With money to invest, there’s a need to make sure funds will have been invested wisely. For this reason and others, many people opt to have a registered stock broker or financial adviser handle their investments. This practically eliminates the onus of having to personally allocate or redirect funds from one investment venue to another. Only occasionally will the broker or advisor find it imperative to call upon the investor to make hard decisions concerning this or that investment.
If this lulls the investor into a false sense of security, he or she may discover much too late that the portfolio has suffered either neglect or inappropriate manipulation. To prevent these possible unfortunate situations, the investor may wish to take full control of all investments.
There exist other perfectly logical reasons for an investor to personally take full responsibility for investments. Here are three.
Awareness:
The very process of managing your own investments makes it necessary to remain aware of the process and of the outcome when making a purchase or sale of a stock or mutual fund. Daily newspapers list stock and mutual fund price variations for many of the securities listed with the stock exchanges.
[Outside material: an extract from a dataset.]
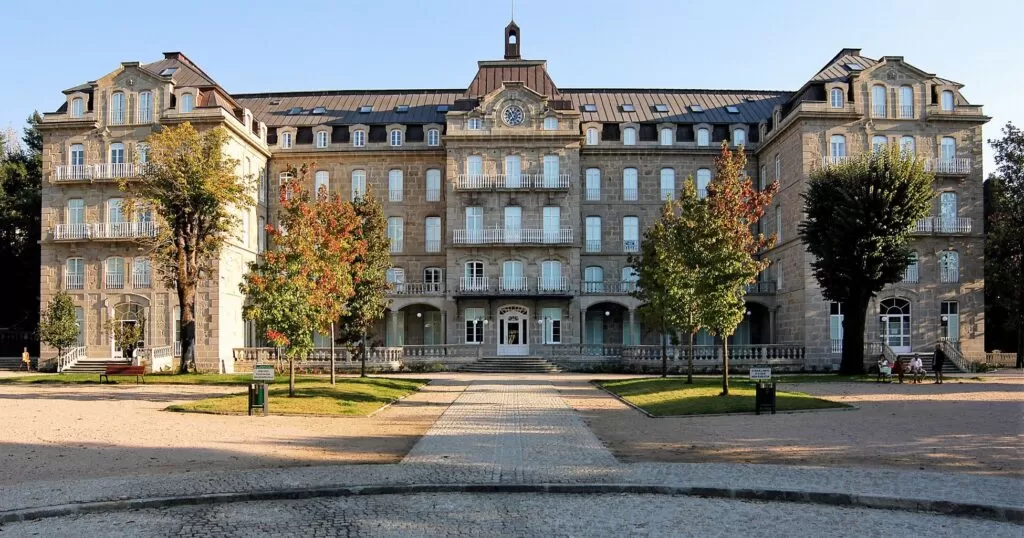Balneario de Mondariz, relajarse y disfrutar en un espacio que guarda, entre sus paredes, la historia de tres siglos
This also depends on the size of the newspaper’s business section. At Yahoo.com and other Internet venues, the online investor can discover daily price changes of individual stocks and funds as well as other information about them.
While a broker or financial advisor provides the same information through a telephone call, the investor who searches it out personally realizes a certain amount of satisfaction for having accessed verifiably reliable data about the investment.
Control:
The person who manages his or her own investments obviously enjoys full control over their transactions. By careful selection of stocks, bonds and mutual funds, the investor can make sure that no investment money supports the production of unhealthy (cigarettes) or deadly (automatic weaponry) manufactured goods or merchandise.
Personal control also means having the ability to match investment activity with the investor’s other needs and goals. These may change drastically and suddenly, making it necessary to alter the pace of security purchases or sales.
Reduced fees:
A third benefit of taking charge of your own investments has to do with reducing the cost of making those investment decisions. This usually means making all or most trades online.
With online trading, the investor can make investment decisions at times he or she deems most convenient. The trades cost considerably less than those normally charged by full-service brokerage houses. This can happen in part because online investment services such as Ameritrade.com, E*Trade.com, Fidelity.com, Scotttrade.com, and Schwab.com do not offer in-depth advice to individual investors. Instead, investors rely primarily on their own understanding of analytical tools and information acquired independently about specific stocks or funds.
The investor who takes time to learn a few basic principles of investing and answer hard questions concerning topics such as discipline, needed cash flow and risk tolerance can assume personal control of his or her portfolio with utmost confidence.